Nutrition in Transition from Homo erectus to Homo modestis

The food and nutrient intake of Paleolithic hunter-gatherers (Homo erectus) and of Western populations (Homo economicus) show marked variations. With increase in wealth and affluence there is a decrease in the intake of omega-3 fatty acids, vitamins, antioxidants and amino acids and a significant increase in the intake of refined carbohydrates, fats (saturated & trans fats, omega-6 fatty acids) and salt in comparison with those of the Paleolithic period.

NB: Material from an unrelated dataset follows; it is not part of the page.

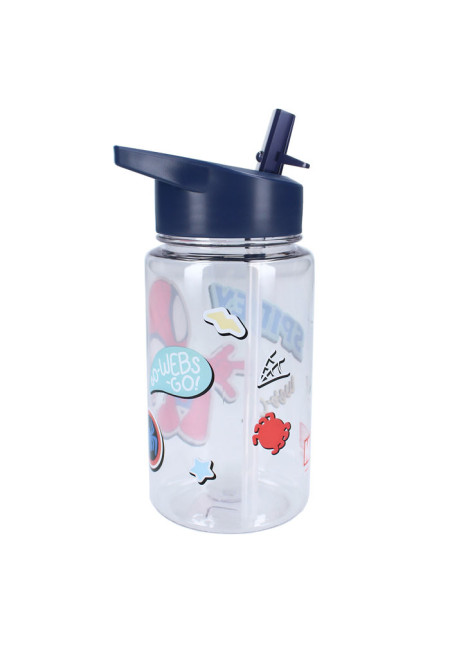 Botella pajita 450ml SPIDEY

The protein or amino acid intake was 2.5 fold greater (33 vs. 13%) in the Paleolithic diet of Homo erectus compared to that of the modern Western diet. Prior to the Agricultural Revolution, man's diet was based on an enormous variety of wild plants, eggs, fish and seeds. In comparison, today about 17% of plant species provide 90% of the world's food supply which is mainly contributed by grains produced from fertilizer-based rapidly grown crops potentially lower in nutrient density and higher in energy. Grains are high in omega-6 fatty acids and carbohydrates and low in omega-3 fatty acids and antioxidants compared to leafy green vegetables. The appropriate diet for Homo sapiens is characterized by high levels of protective essential nutrients; amino acids, minerals, vitamins, flavonoids, omega-6/3 fatty acids. Whereas the average diet of Homo erectus did comply with this evolutionary pattern, the modern Western dietary pattern of Homo economicus has excess of energy-rich refined carbohydrates, omega-6, trans and saturated fats. The consumption of such foods in wealthy countries in conjunction with sedentary behavior are associated with increased risk of deaths due to cardiovascular (CVDs) and other non-communicable diseases (NCDs). © 2015 Nova Science Publishers, Inc. All rights reserved.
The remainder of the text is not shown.